Avoid cotton! Cotton gets damp quickly and dries poorly, thus promoting cooling. Synthetic fibers or wool-synthetic fiber blends are better.
Good hiking socks (synthetic fiber or wool-synthetic fiber) and medium-strength hiking boots are also important. You will walk partly on rough paths and the underground. can also get wet sometimes. Especially in spring and autumn I would recommend ankle-high and waterproof hiking boots.
You should always have rain gear with you. In summer at least a waterproof jacket and in the cooler season also waterproof pants.
Arrival by public transport
There is a bus terminal directly at Dublin Airport. There you can take a long distance bus to Galway and in Galway a connecting bus to Lahinch.
The other end of the trail, Corofin, is a little more difficult to reach: From Dublin Airport, take a long-distance bus to Galway, then a bus to Ennis, then a bus to Corofin. Alternatively, you can book a cab for the route Corofin-Ennis.
Overnight stays on the Burren Way
There are a few hostels, B&Bs and campsites around the Burren National Park, although they can be a bit scattered. Around the Cliffs of Moher there is more choice, but also more tourists.
In any case, I can only recommend to book all accommodations very well in advance, so that there are no unpleasant surprises on site.
We ourselves mostly use the apps of Booking.com and Airbnb to book accommodation. Both platforms are very common in Ireland and work very well.
If you’re thinking about wild camping, I have already writtewn an article about it, which I will link for you at the end of this article.
The daily stages of the Burren Way
The Burren Way is well signposted. The choice of stages is completely flexible and can be customized according to your fitness and preferences. A typical example for the daily stages I have listed here for you:
Day 1: From Lahinch to Liscannor, about 10 km.
Day 2: From Liscannor to Doolin, about 18 km.
Day 3: From Doolin to Fanore, about 18 km.
Day 4: From Fanore to Ballyvaughan, about 22 km.
Day 5: From Ballyvaughan to Carran, about 18 km.
Day 6: From Carran to Corofin, about 18 km.
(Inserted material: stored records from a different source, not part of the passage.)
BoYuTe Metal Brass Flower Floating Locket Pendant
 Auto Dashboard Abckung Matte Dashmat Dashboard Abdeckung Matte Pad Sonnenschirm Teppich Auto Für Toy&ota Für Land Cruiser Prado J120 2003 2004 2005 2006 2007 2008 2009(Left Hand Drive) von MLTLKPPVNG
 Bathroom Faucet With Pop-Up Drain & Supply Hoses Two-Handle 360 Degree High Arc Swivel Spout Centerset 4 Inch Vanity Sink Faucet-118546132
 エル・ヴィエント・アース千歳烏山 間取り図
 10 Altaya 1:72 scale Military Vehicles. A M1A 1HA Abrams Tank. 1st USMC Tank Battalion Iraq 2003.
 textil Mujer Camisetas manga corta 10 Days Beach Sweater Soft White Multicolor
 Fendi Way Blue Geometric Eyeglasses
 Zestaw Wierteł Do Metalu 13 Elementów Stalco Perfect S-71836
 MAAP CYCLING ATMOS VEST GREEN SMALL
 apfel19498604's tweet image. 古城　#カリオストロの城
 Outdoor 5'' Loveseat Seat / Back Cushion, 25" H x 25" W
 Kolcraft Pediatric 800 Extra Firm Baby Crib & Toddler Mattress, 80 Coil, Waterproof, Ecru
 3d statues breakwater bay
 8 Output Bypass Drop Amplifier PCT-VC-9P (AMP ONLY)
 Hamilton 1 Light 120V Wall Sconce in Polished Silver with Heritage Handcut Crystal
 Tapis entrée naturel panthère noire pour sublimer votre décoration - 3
Sources of information about the Burren Way
Here I have some good sources of information for your planning:
Printed walking guides and maps
Tony Kirby, The Burren and the Aran Islands, A Walking Guide
Maps for download
The Irish blog Tough Soles is highly recommended. The creators, Ellie and Carl, have hiked all 40+ long distance trails in Ireland themselves and report on them. They have also made very good hiking maps for downloading and printing. You can find their maps of the Burren Way here.
Apps for the Smartphone
There are several navigation apps that you can download to your smartphone. And they have already saved the Burren Way as electronic maps.
You can find the maps from Komoot here.
Hiiker also has maps of the Burren – click here.
Outdooractive also has maps of the Burren – click here.
The Burren is a unique landscape, in Ireland and in Europe. Here you will find a wild and pristine piece of nature and a unique fauna that has adapted perfectly to this peculiar habitat.
Walk through peculiar lunar landscapes and over 200 meters high on the edge of the cliffs, while below you hundreds of sea birds circle on the vertical walls of the cliffs.
Visit the caves under the Burren and admire Neolithic dolmens of people who were there some 400 years before us.
All of this is in a format that even hikers who are not out-and-out mountain walkers need not shy away from.
If this appeals to you, then the Burren Way in the Wild West of Ireland is one of the most beautiful and original hikes you can do.
So let’s go to Ireland – for hiking!